Config Files
Cerebrium’s fine-tuning functionality is in public beta and we are adding more functionality each week! If there are any issues or if you have an urgent requirement, please reach out to support
In order to simplify the training experience and make deployments easier, we use YAML config files. This lets you keep track of all your training parameters in one place, giving you the flexibility to train your model with the parameters you need while still keeping the deployment process streamlined.
In this section, we introduce the parameters you may want to manipulate for your training, however, we’ll set the defaults to what we’ve found works well if you’d like to leave them out!
If you would like to override the parameters in your config file during a deployment, the --config-string
option in the command line accepts a JSON string. The parameters provided in the JSON string will override the values they may have been assigned in your config file.
For your convenience, an example of the config file is available here
Setting up a config file
Your Yaml config file can be placed anywhere on your system, just point the trainer to the file.
In your YAML file, you need to include the following required parameters or parse them into the cerebrium train
command:
Required parameters
Parameter | Suggested Value | Description |
---|---|---|
training_type | transformer | Type of training to run. Either diffuser or transformer. In this case, transformer. |
name | Your name for the fine-tuning run. | |
api_key | Your Cerebrium private API key | |
hf_model_path | decapoda-research/llama-7b-hf | |
model_type | AutoModelForCausalLM | |
dataset_path | path/to/your/dataset.json | path to your local JSON dataset. |
log_level | INFO | log_level level for logging. |
Optional parameters
Parameter | Suggested Value | Description |
---|---|---|
custom_tokenizer | ~ | custom tokenizer from AutoTokenizer if required. |
seed | 42 | random seed for reproducibility. |
Parameter | Sub parameter | Suggested Value | Description |
---|---|---|---|
training_args | |||
logging_steps | 10 | Number of steps between logging. | |
per_device_train_batch_size | 15 | Batch size per GPU for training. | |
per_device_eval_batch_size | 15 | Batch size per GPU for evaluation. | |
warmup_steps | 0 | Number of warmup steps for learning rate scheduler. | |
gradient_accumulation_steps | 4 | Number of gradient accumulation steps. | |
num_train_epochs | 50 | Number of training epochs. | |
learning_rate | 1.0e-4 | Learning rate for training. | |
group_by_length | False | Whether to group batches by length. | |
base_model_args | The kwargs for loading in the base model with AutoModelForCausalLM() | ||
load_in_8bit | True | Whether to load in the model in 8bit. | |
device_map | “auto” | Device map for loading in the model. | |
peft_lora_args | Peft lora kwargs for use by PeftConfig() | ||
r | 8 | The r value for LoRA. | |
lora_alpha | 32 | The lora_alpha value for LoRA. | |
lora_dropout | 0.05 | The lora_dropout value for LoRA. | |
target_modules | [“q_proj”, “v_proj”] | The target_modules for LoRA. These are the suggested values for Llama | |
bias | “none” | Bias for LoRA. | |
task_type | “CAUSAL_LM” | The task_type for LoRA. | |
dataset_args | Custom args for your dataset. | ||
prompt_template | “short” | Prompt template to use. Either “short” or “long”. | |
instruction_column | “prompt” | Column name of your prompt in the dataset.json | |
label_column | “completion” | Column name of your label/completion in the dataset.json | |
context_column | “context” | Optional column name of your context in the dataset.json | |
cutoff_len | 512 | Cutoff length for the prompt. | |
train_val_ratio | 0.9 | Ratio of training to validation data in the dataset split. |
Example yaml config file
%YAML 1.2
---
training_type: "transformer" # Type of training to run. Either "diffuser" or "transformer". In this case, "transformer".

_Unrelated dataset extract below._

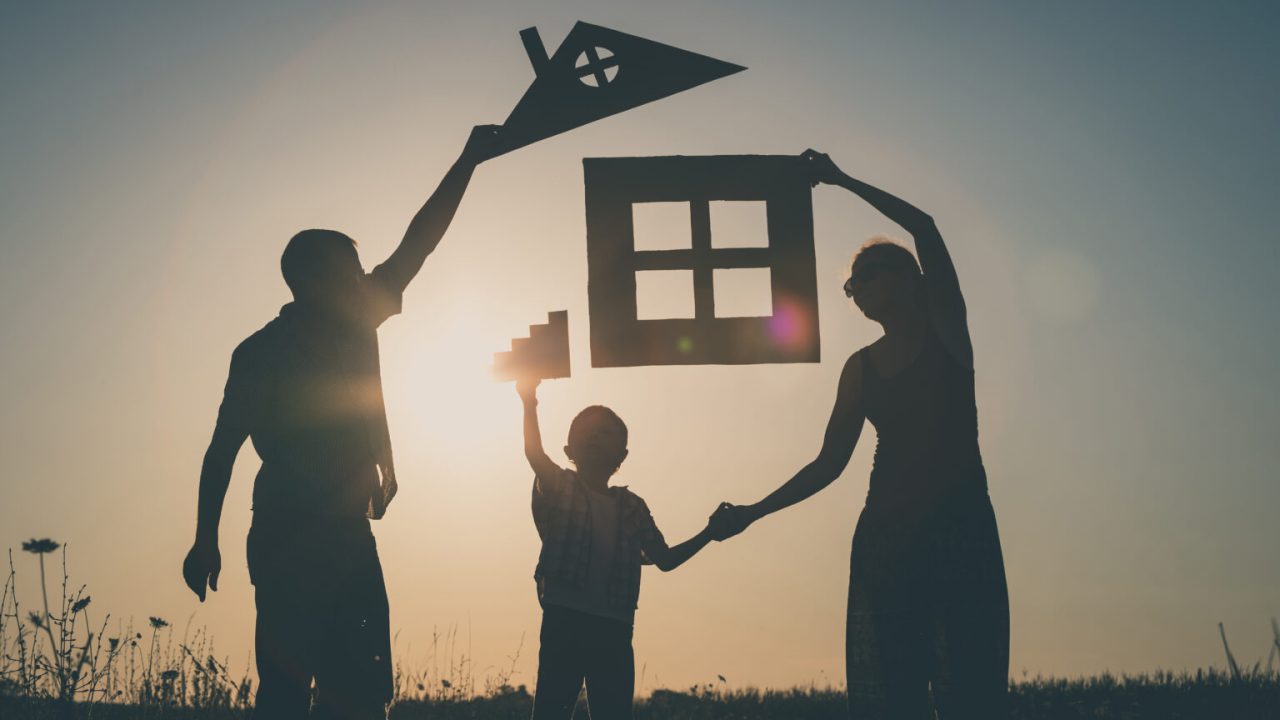 Happy family standing on the field at the sunset time. They build a house. Concept of friendly family.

name: test-config-file # Your name for the fine-tuning run.
api_key: <<<Your Cerebrium private API key>>>
auth_token: YOUR HUGGINGFACE API TOKEN # Optional. You will need this if you are finetuning llama2
# Model params:
hf_model_path: "decapoda-research/llama-7b-hf"

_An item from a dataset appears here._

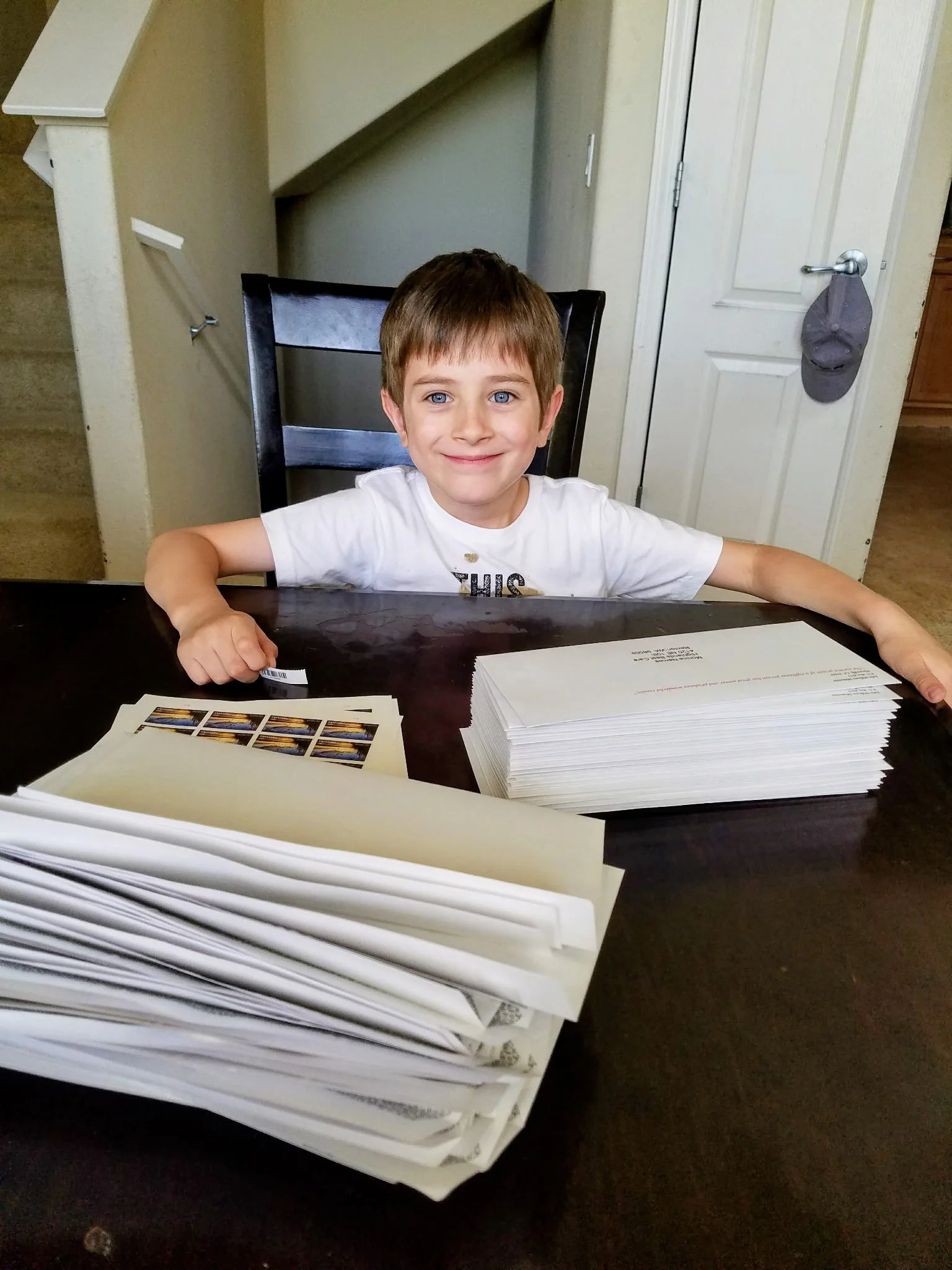 A young boy with brown hair and blue eyes sitting at a dark wooden table, smiling at the camera. In front of him are multiple stacks of printed papers or envelopes, some with stamps, arranged on the table. The background shows a staircase, a white door with a gray cap hanging on the door handle, and part of a kitchen area.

model_type: "AutoModelForCausalLM"
dataset_path: path/to/your/dataset.json # path to your local JSON dataset.
custom_tokenizer: "" # custom tokenizer from AutoTokenizer if required.

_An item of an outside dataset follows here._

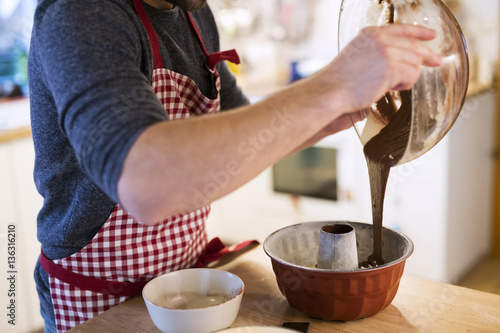 Wallpaper Mural Man standing in kitchen baking chocolate cake Torontodigital.ca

seed: 42 # random seed for reproducibility.
log_level: "INFO" # log_level level for logging.
# Training params:
training_args:
logging_steps: 10
per_device_train_batch_size: 15
per_device_eval_batch_size: 15
warmup_steps: 0
gradient_accumulation_steps: 4
num_train_epochs: 50
learning_rate: 1.0E-4
group_by_length: False
base_model_args: # args for loading in the base model with AutoModelForCausalLM
load_in_8bit: True
device_map: "auto"
peft_lora_args: # peft lora args.
r: 32
lora_alpha: 16
lora_dropout: 0.05
target_modules: ["q_proj", "v_proj"]
bias: "none"
task_type: "CAUSAL_LM"
dataset_args:
prompt_template: "short" # Prompt template to use. Either "short" or "long".
instruction_column: "prompt" # column name of your prompt in the dataset.json
label_column: "completion" # column name of your label/completion in the dataset.json
context_column: "context" # optional column name of your context in the dataset.json
cutoff_len: 512 # cutoff length for the prompt.
train_val_ratio: 0.9 # ratio of training to validation data in the dataset split.